[[ Material for this exercise open ]]

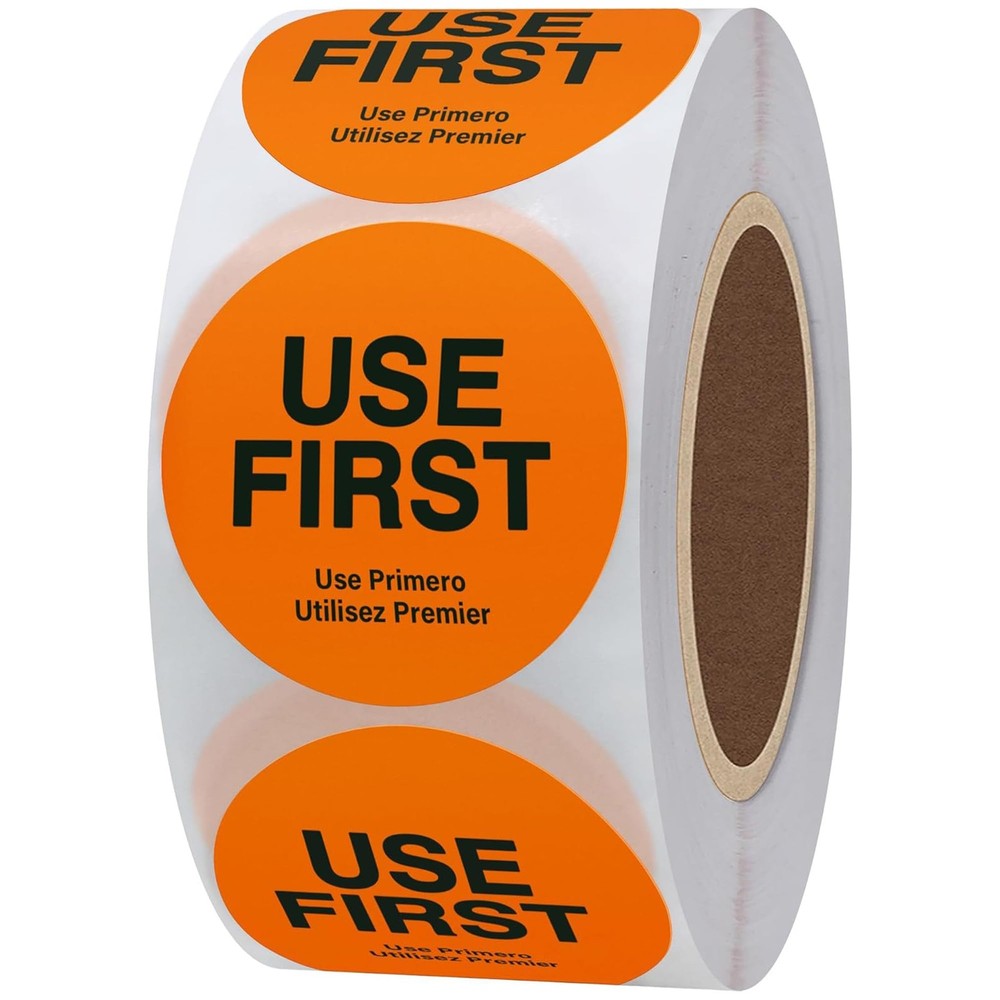 500 Pcs 1.5 Inch Use First Stickers – Dot Pharmacy Labels inch, Orange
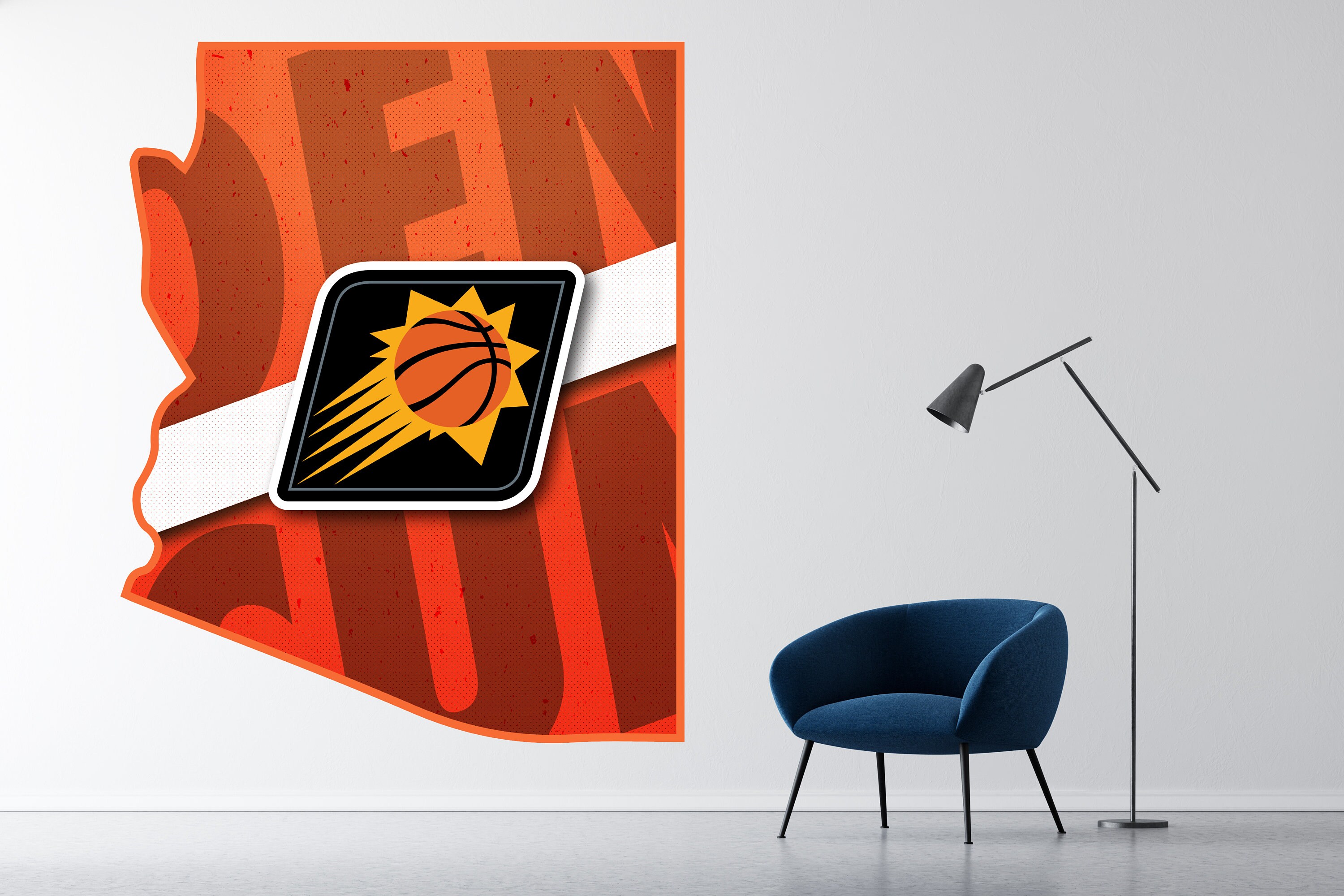 NBA State With Logo Phoenix Suns Wall Decal Vinyl Mural Print Etsy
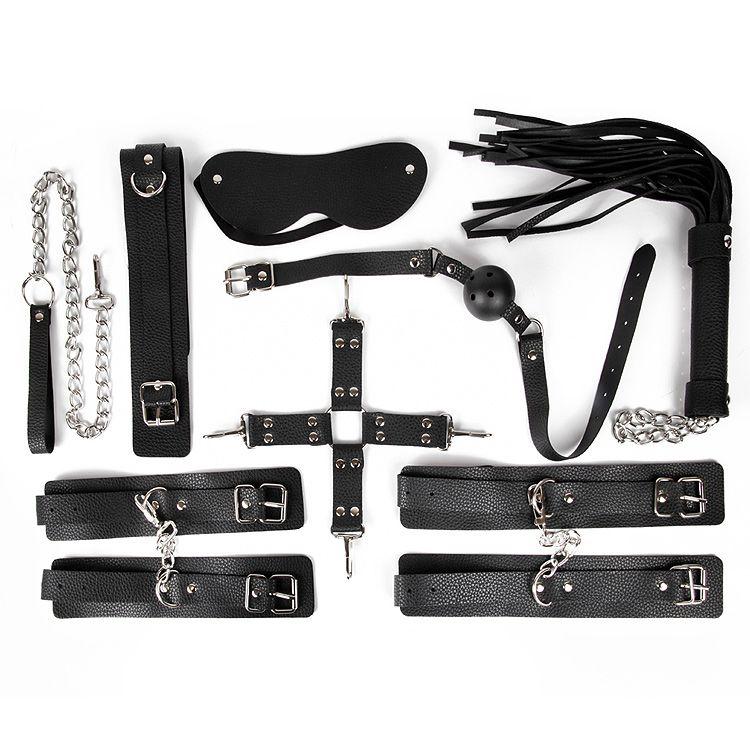 Большой черный набор БДСМ: наручники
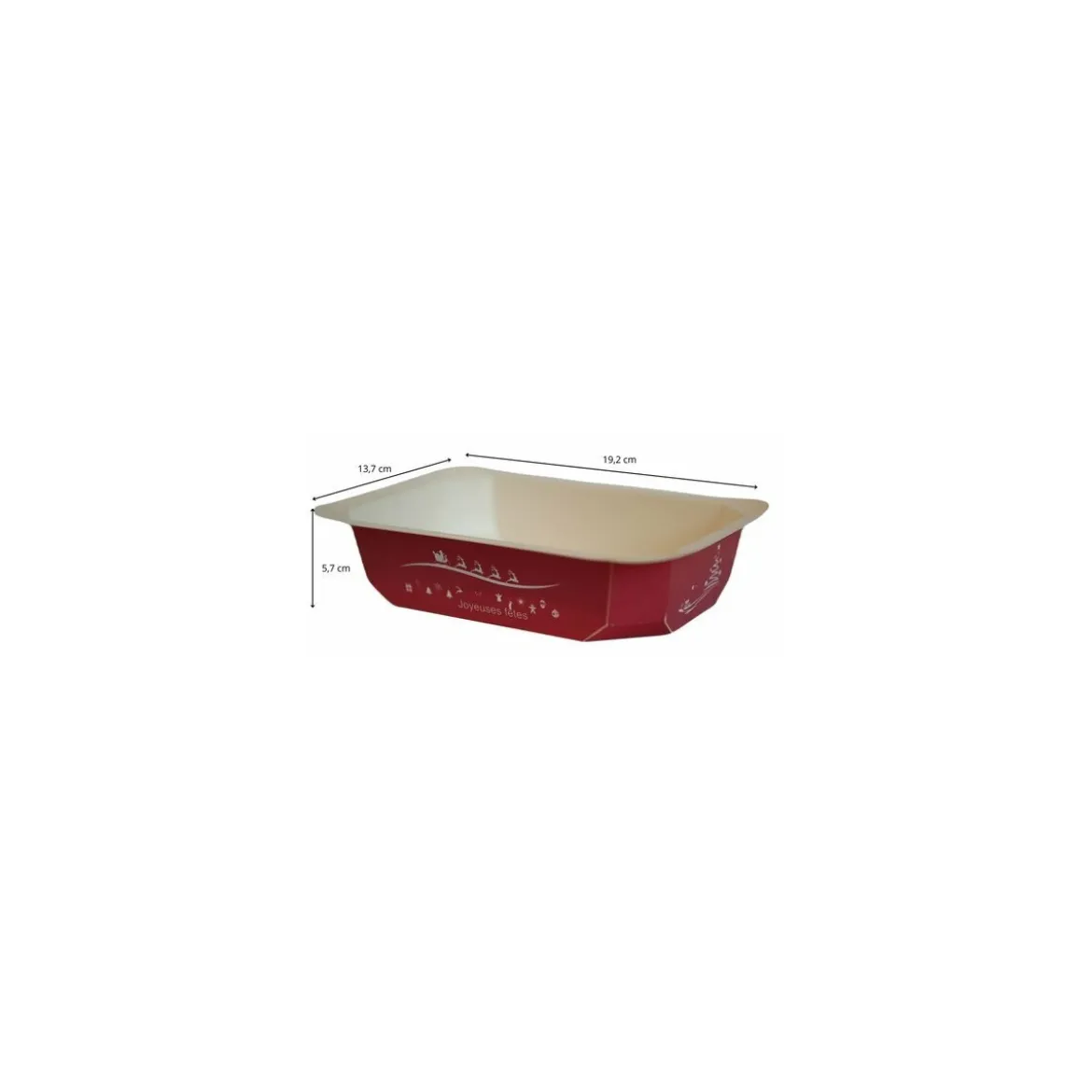 Barquette carton scellable Joyeuses Fêtes 1000 ml - par 65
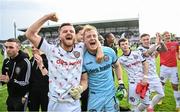 7 October 2023; Adam McDonnell, left, and Bohemians goalkeeper James Talbot celebrate after the Sports Direct Men’s FAI Cup semi-final match between Galway United and Bohemians at Eamonn Deacy Park in Galway. Photo by Stephen McCarthy/Sportsfile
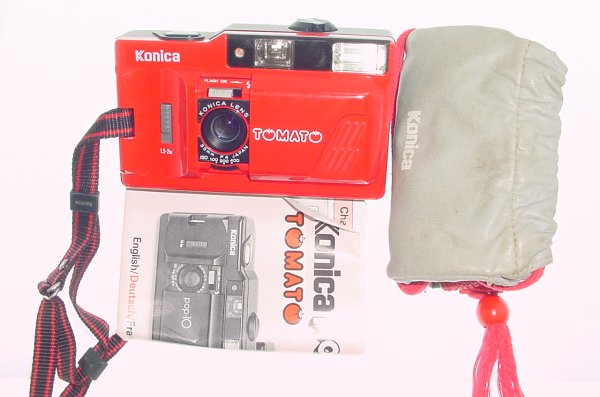 Konica Tomato 35mm Film Point & Shoot Camera 35/4 Lens in Red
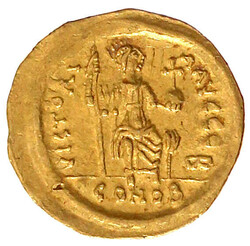 Solidus 567/578, Constantinopel, 2. Offizin. DN IVSTINVS PP AVG. ...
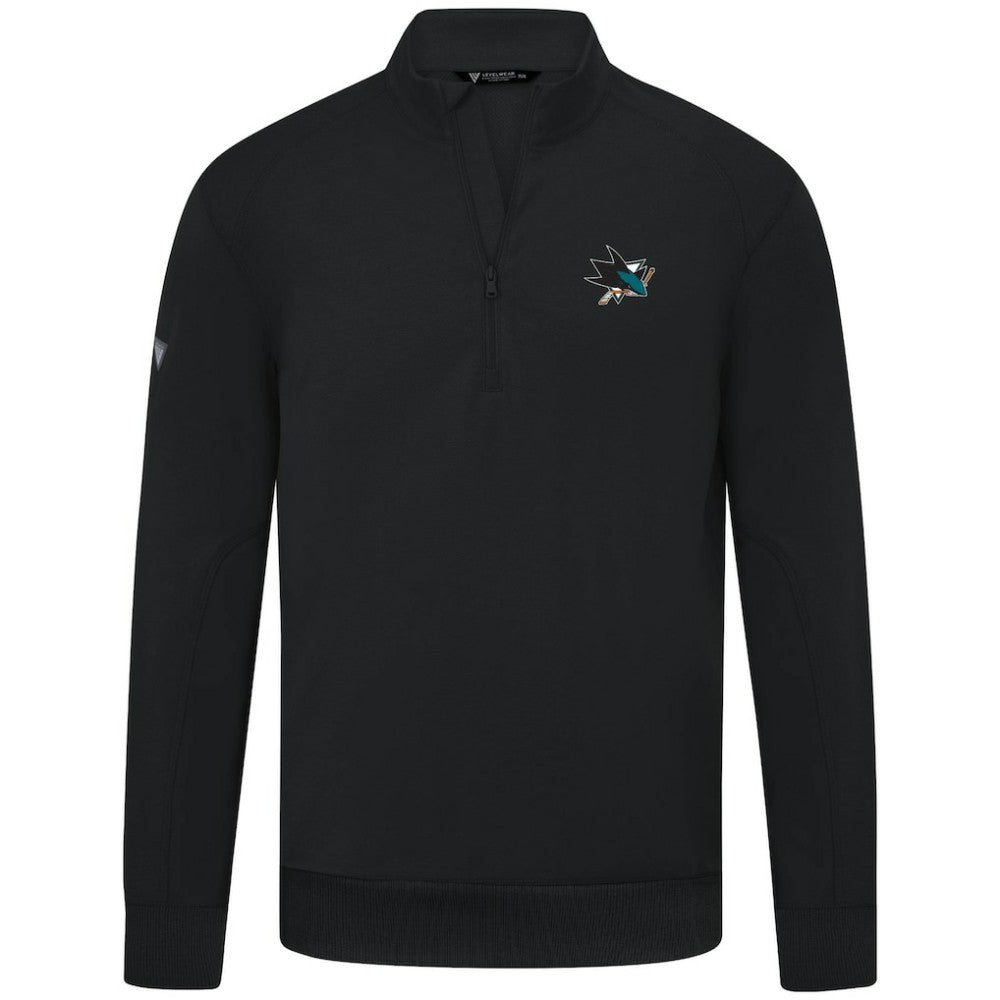 San Jose Sharks Levelwear Upright Tri-Blend Quarter-Zip Pullover - Black | NHL online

[[ Material for this exercise closed ]]

About this task: Only the lines from the one containing "Barquette carton scellable" through the end of the listing above should be reproduced, exactly as they stand. Leave the pictures out.

Completed task:
 Barquette carton scellable Joyeuses Fêtes 1000 ml - par 65
 7 October 2023; Adam McDonnell, left, and Bohemians goalkeeper James Talbot celebrate after the Sports Direct Men’s FAI Cup semi-final match between Galway United and Bohemians at Eamonn Deacy Park in Galway. Photo by Stephen McCarthy/Sportsfile
 Konica Tomato 35mm Film Point & Shoot Camera 35/4 Lens in Red
 Solidus 567/578, Constantinopel, 2. Offizin. DN IVSTINVS PP AVG. ...
 San Jose Sharks Levelwear Upright Tri-Blend Quarter-Zip Pullover - Black | NHL online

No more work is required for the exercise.